### TASK GOAL
Retype, word for word, every line starting at the line with "Julkalender 2025 - 24" and ending with the final line of the entries; skip the pictures.

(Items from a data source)

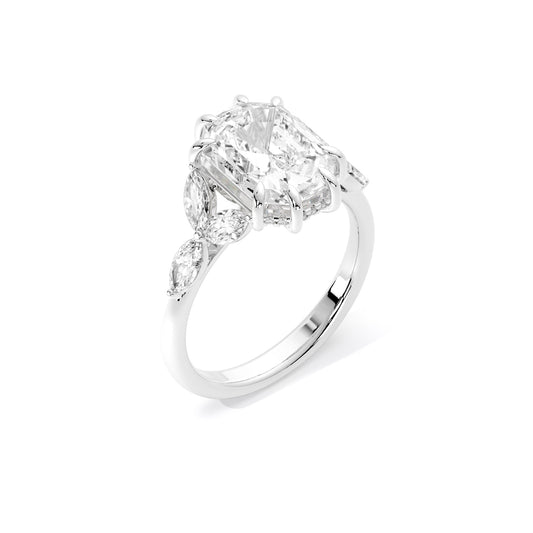 Emerald Cut Vintage Floral Cluster Lab Grown Diamond Ring White Gold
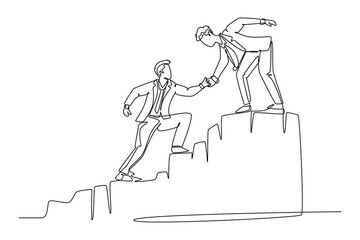 Wall Mural - Single continuous line drawing young energetic businessman holding hands his partner to help climbing the hill. Teamwork support and collaboration concept. One line graphic design vector illustration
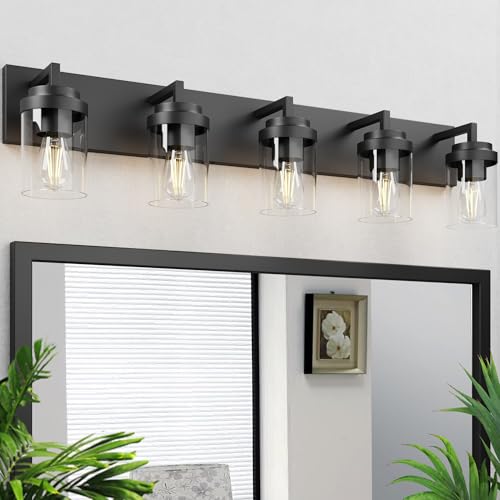 Modern 5 Light Black Bathroom Vanity Light with Clear Glass Shade (5 Count)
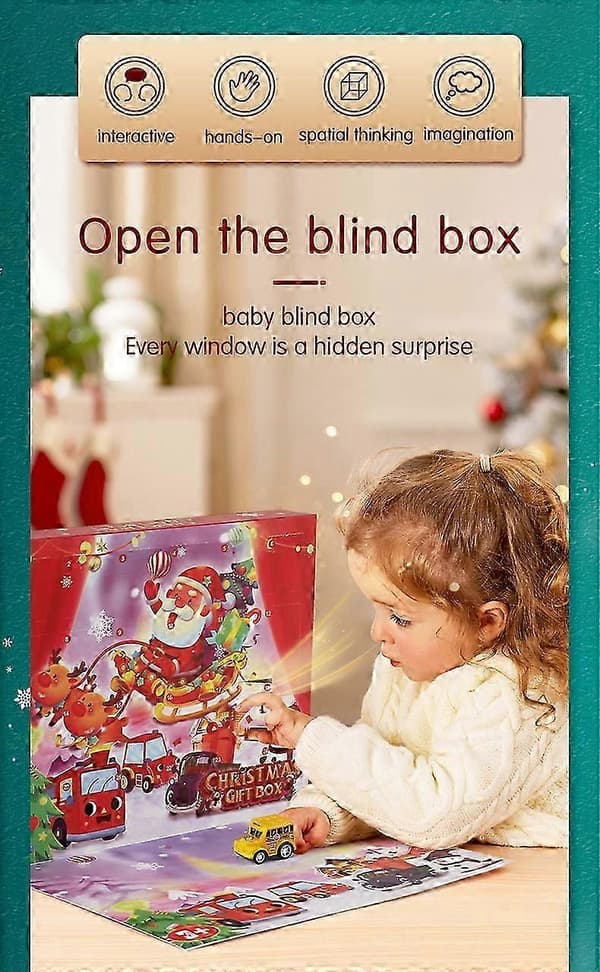 Julkalender 2025 - 24 dagars nedräkning Dra tillbaka bilar Leksak Blind Box Present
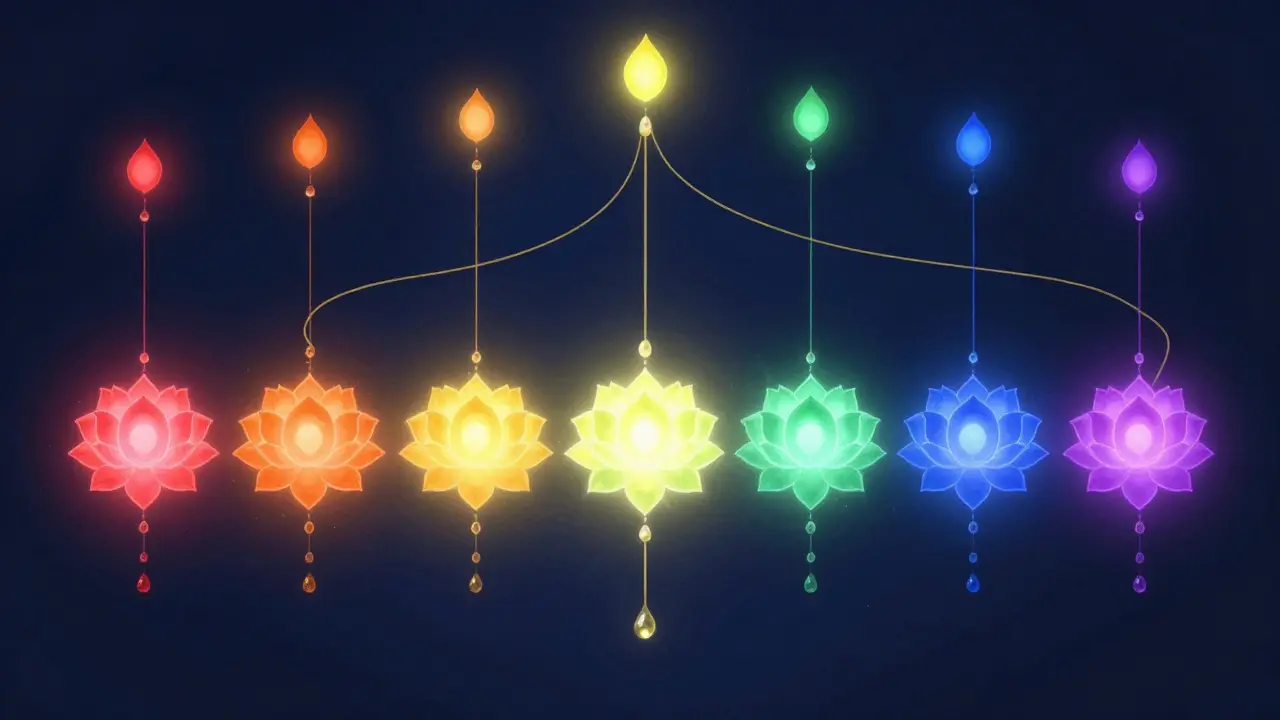 Sedem zářivých chakier v tvare lotosových kolies vystupuje pozdĺž chrbtice, spojených zlatými prúdmi energie.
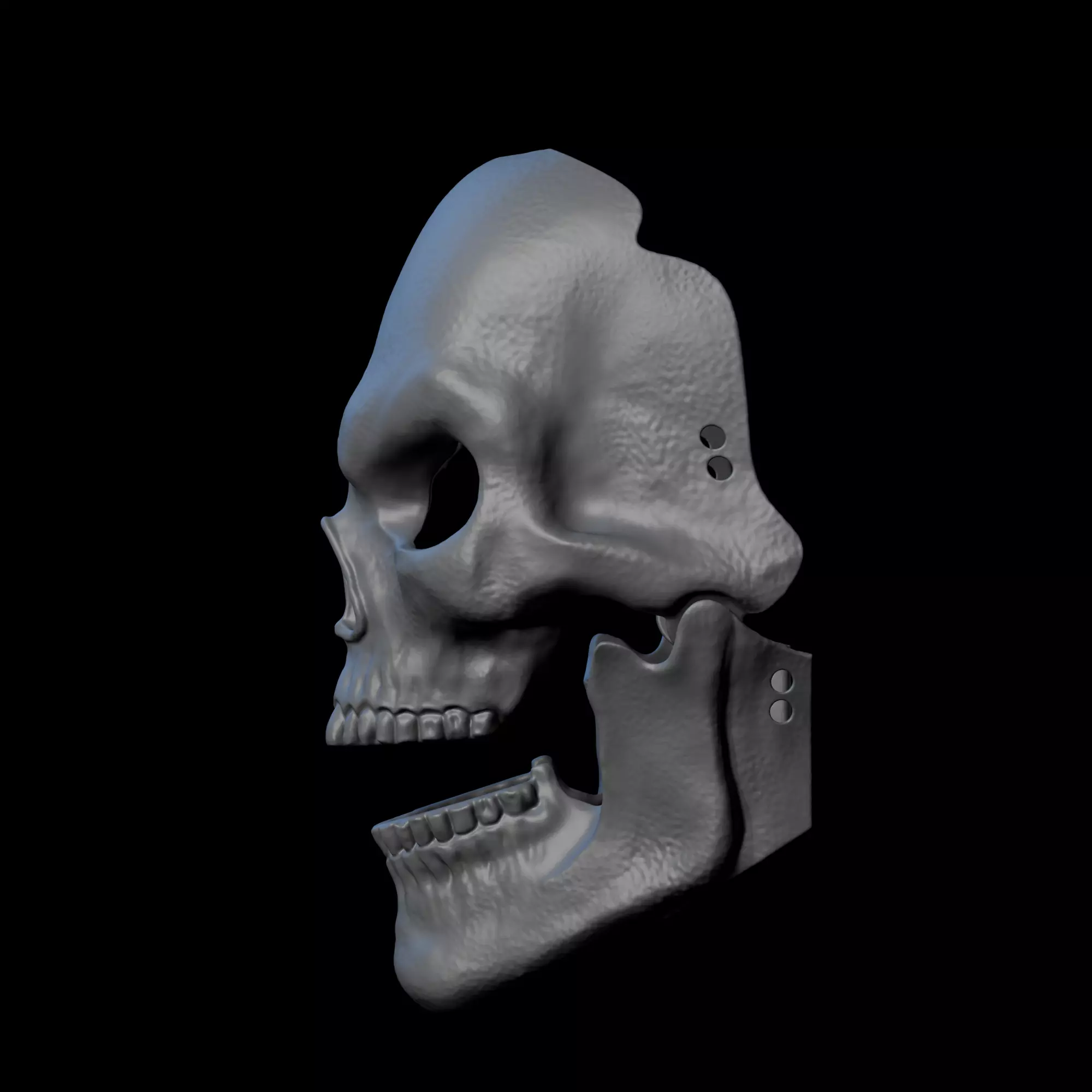3D Printable Skull Mask STL With Articulated Jaw halloween mask 3D print model_3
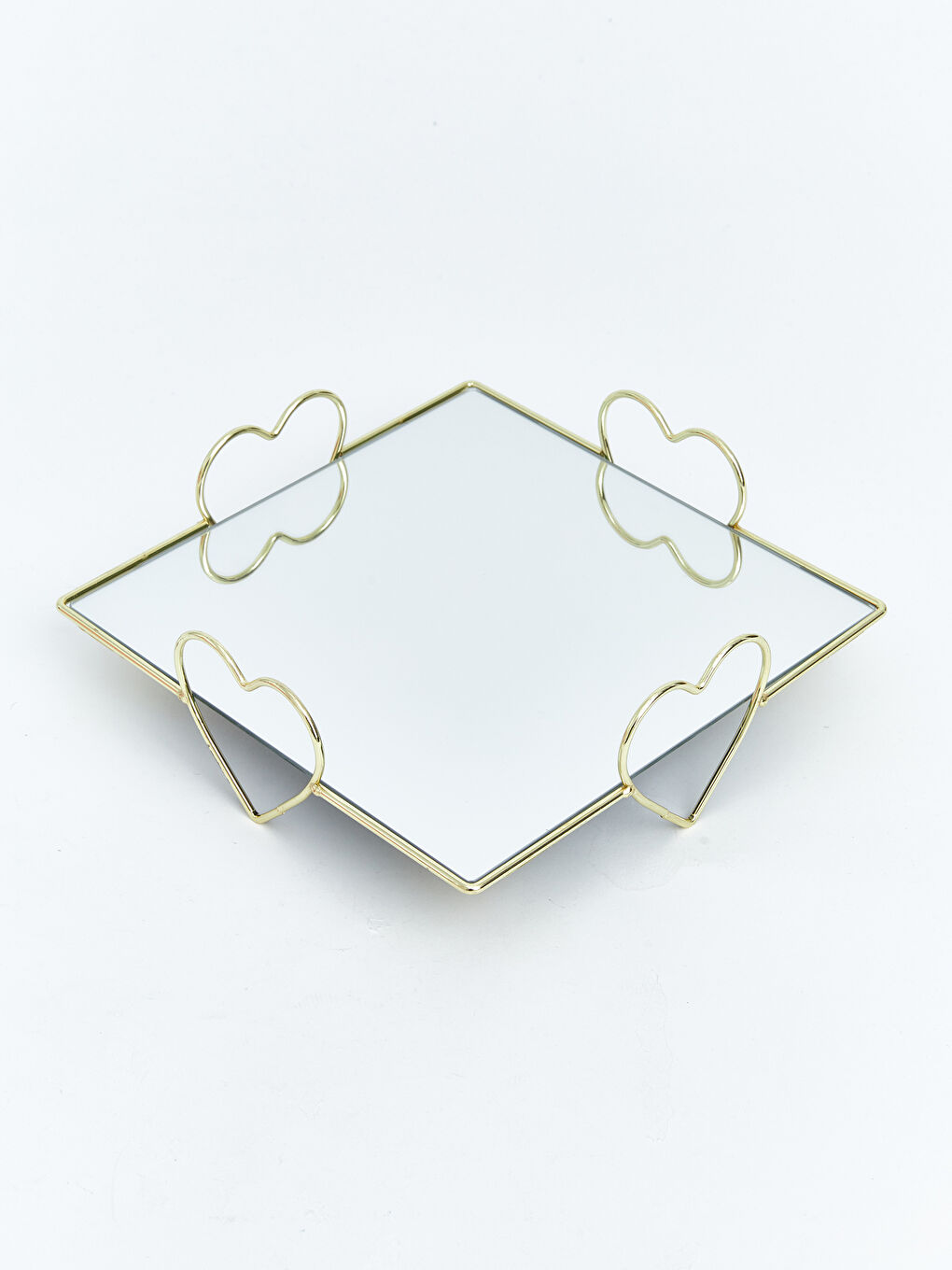 Karışık Kalp Desenli Cam Dekoratif Tepsi-1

### OUTPUT OF THE EXERCISE
 Julkalender 2025 - 24 dagars nedräkning Dra tillbaka bilar Leksak Blind Box Present
 Sedem zářivých chakier v tvare lotosových kolies vystupuje pozdĺž chrbtice, spojených zlatými prúdmi energie.
3D Printable Skull Mask STL With Articulated Jaw halloween mask 3D print model_3
 Karışık Kalp Desenli Cam Dekoratif Tepsi-1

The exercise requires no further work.